Özet:
18. yüzyılın ortalarında önceleri Avrupa daha sonra Amerika, Rusya ve Japonya’da olmak üzere dünya geneline yayılan sanayileşme hareketleri, üretim tesislerinin yer seçtiği kentlerdeki etkilerinin yanı sıra dünya genelinde de sosyal ve ekonomik yapının değişimine neden olmuştur. Bu doğrultuda dünya ekonomik coğrafyası sanayi ile paralel olarak şekillenmeye başlamış, bu tarihten itibaren ülkelerin üretim coğrafyasında sahip olduğu rol, dünya sanayi coğrafyasındaki rollerinde de belirleyici olmuştur.
1914-1918 Birinci Dünya Savaşı, 1929 Büyük Buhran, 1939-1945 İkinci Dünya Savaşı ve bu önemli olayların ülkelerin sosyal, ekonomik ve fiziksel yapılarına etkileri “dünya ekonomik coğrafyasının” yeniden şekillenmesine neden olmuştur. Özellikle savaş endüstrisi ile birlikte sanayileşme anlamında yeni bir döneme giren ülkeler, dünya ekonomik coğrafyasında gelişmiş ülkeler olarak ön plana çıkarken, 1950 sonrasında sanayileşme hamlesini yapan ülkeler ise gelişmekte olan ülkeler olarak tanımlanmıştır. Diğer bir deyişle sosyal ve kültürel gelişimlerini 18. yüzyılda tamamlayan, bilimsel çalışmalara yönelmeleri sonucunda teknolojide atılımlar yapan ve erken sanayileşen bu ülkeler, 20. yüzyıl başında ekonomik bağlamda da diğer ülkelere göre daha fazla gelişmişlerdir. Gelişmiş ülkeler yüksek teknolojiye dayalı bir sanayileşme politikası izlerken, gelişmekte olan ülkeler emek yoğun sanayileşme politikası izlemeye devam etmektedirler. Bu durum literatürde “merkez ve çevre ülke” kavramları ile açıklanmaktadır. Merkez ülkeler teknolojiye dayalı sanayilerde uzmanlaşırken, çevre ülkeler emeğe dayalı sanayilerde uzmanlaşmıştır. Dünya sanayi coğrafyasında ülkelerin merkez ve/veya çevre ülke bağlamında sahip oldukları roller ise yabancı sermayeli firma yatırımları üzerinden okunmaktadır.

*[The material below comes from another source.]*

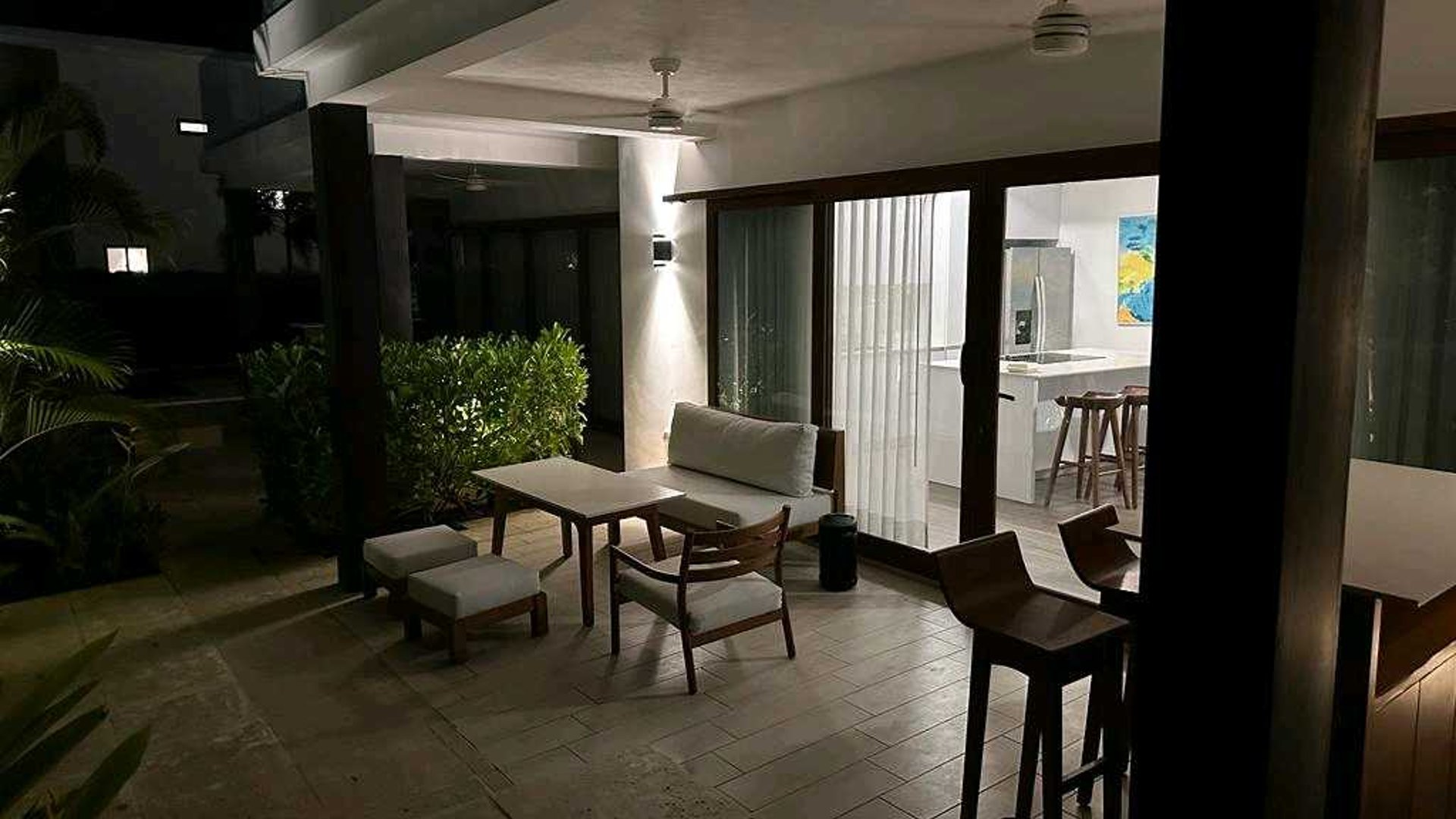 VILLA LA MAR CON JACUZZI EN VENTA - Miniatura 3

Uluslararası ölçekte ülkelerin üretim coğrafyasındaki rolleri, merkez ve/veya çevre ülke olma niteliklerinden okunurken, ulusal ölçekte de bu durumun bir benzerinin “merkez kent / çevre kent” tanımları ile yaşandığı görülmektedir. Erken sanayileşmiş ya da başat kentlerin sanayileşme politikasından vazgeçerek, hizmetler sektörü ağırlıklı bir yapıya dönüştükleri ve sanayi yatırımlarını yakın çevresindeki kentlere kaydırdıkları izlenmektedir. Bu kimlik değişimi ülkesel ölçekli planlardan, bölge ve kent planlarına dek farklı ölçeklerdeki plan kararları aracılığı ile sağlanmaktadır. Ancak bu olguda dikkati çeken konu merkez kentlerin sanayi sedantralizasyon kararlarını üretmeleri, çevre kentlerin ise bu olgu ile karşı karşıya kalmalarıdır. Dünya’da 1980 sonrası gelişmiş/gelişmemiş çok yaygın bir coğrafyayı etkileyen sanayi kentinden hizmet kentine dönüşme isteği ya da bu yönde alınan planlama kararları; gerçeği yansıtmaktan öte içi boş bir içeriğe taşınmaktadır. Zira hizmet kenti olmak; sermaye birikimi, teknoloji üretme potansiyeli ve iş gücünün donanımları ile doğrudan ilintilidir. Oysa bir çok kent bu altyapıya sahip olmadan sanayisini plan kararları ile desantralize etme kararı aldığında ya bu kararlar hayata geçirilmemekte ya da ekonomik çöküş süreçleri ile karşı karşıya kalmaktadır. Dolayısı ile bir merkez ya da çevre kentin sanayi kimliği, niteliğinin doğru tespit edilmesi ve geleceğe ilişkin doğru altyapı ve plan kararları ile yönlendirilmesi; ekonomik bir kalkınmanın ve kentsel gelişmenin en önemli dinamiği olabilecektir.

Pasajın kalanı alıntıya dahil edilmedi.